**Task requirements**
Below are the entries to work from; restate word for word the portion that opens with the line containing "creative tea pet" and closes with the line containing "Anne Taylor, defendant", keeping both.

**Data section**
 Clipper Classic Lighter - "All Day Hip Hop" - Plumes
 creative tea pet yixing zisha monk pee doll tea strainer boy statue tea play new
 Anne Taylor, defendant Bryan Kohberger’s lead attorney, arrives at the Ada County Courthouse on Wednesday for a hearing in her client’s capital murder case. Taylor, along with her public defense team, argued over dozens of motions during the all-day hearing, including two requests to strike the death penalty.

...

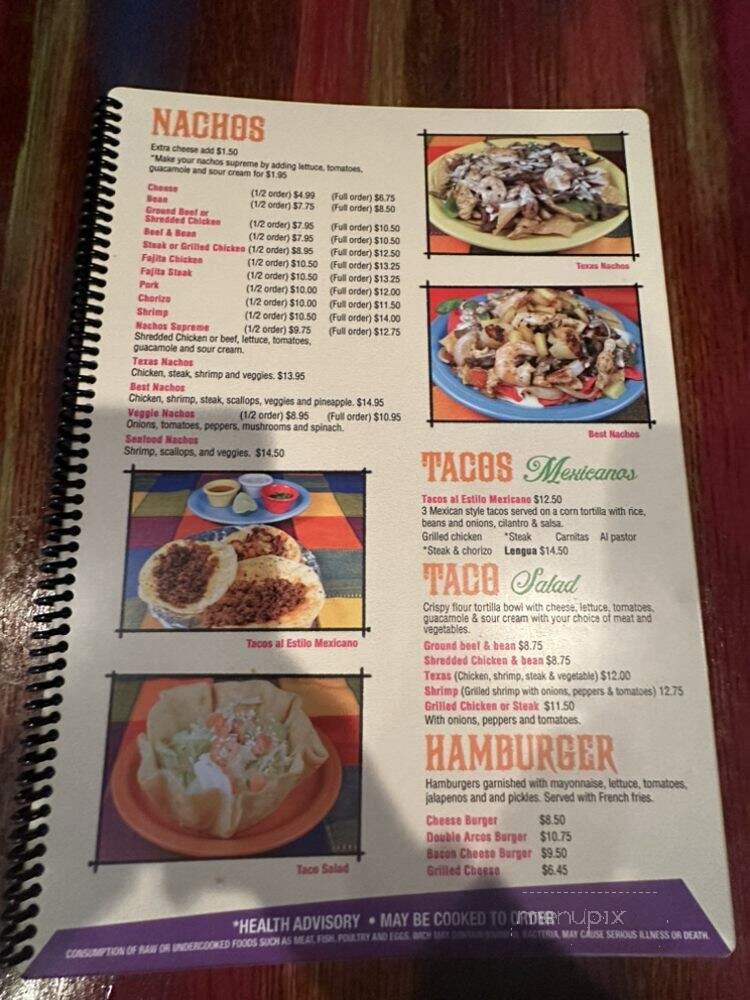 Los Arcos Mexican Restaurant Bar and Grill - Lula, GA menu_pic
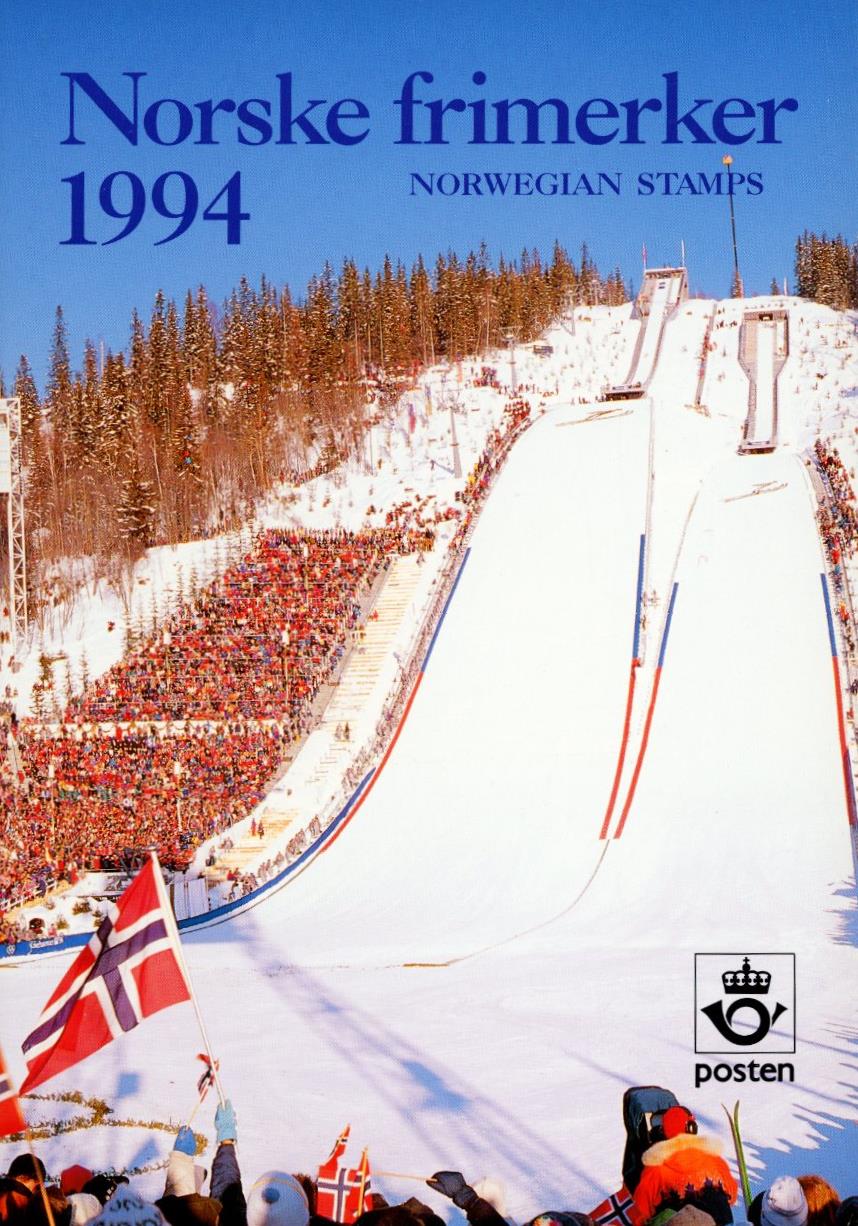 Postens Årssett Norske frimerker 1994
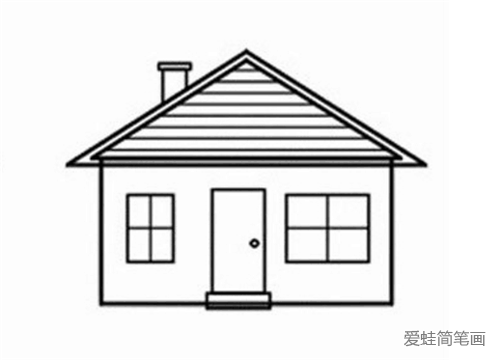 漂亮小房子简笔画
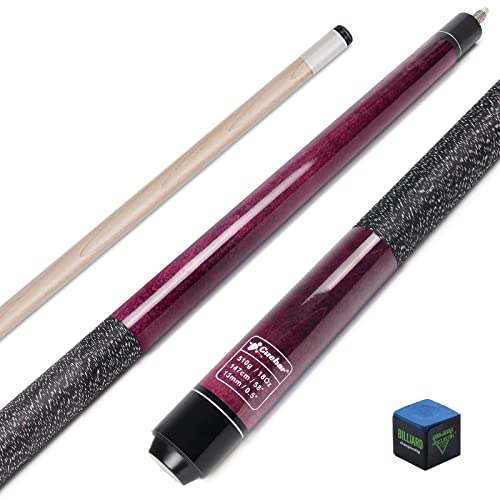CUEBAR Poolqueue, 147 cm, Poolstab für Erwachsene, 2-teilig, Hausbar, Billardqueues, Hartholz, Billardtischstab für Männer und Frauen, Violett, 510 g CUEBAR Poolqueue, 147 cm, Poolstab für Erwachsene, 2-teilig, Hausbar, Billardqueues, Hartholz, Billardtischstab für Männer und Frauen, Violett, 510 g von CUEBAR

**Answer section**
 creative tea pet yixing zisha monk pee doll tea strainer boy statue tea play new
 Anne Taylor, defendant Bryan Kohberger’s lead attorney, arrives at the Ada County Courthouse on Wednesday for a hearing in her client’s capital murder case. Taylor, along with her public defense team, argued over dozens of motions during the all-day hearing, including two requests to strike the death penalty.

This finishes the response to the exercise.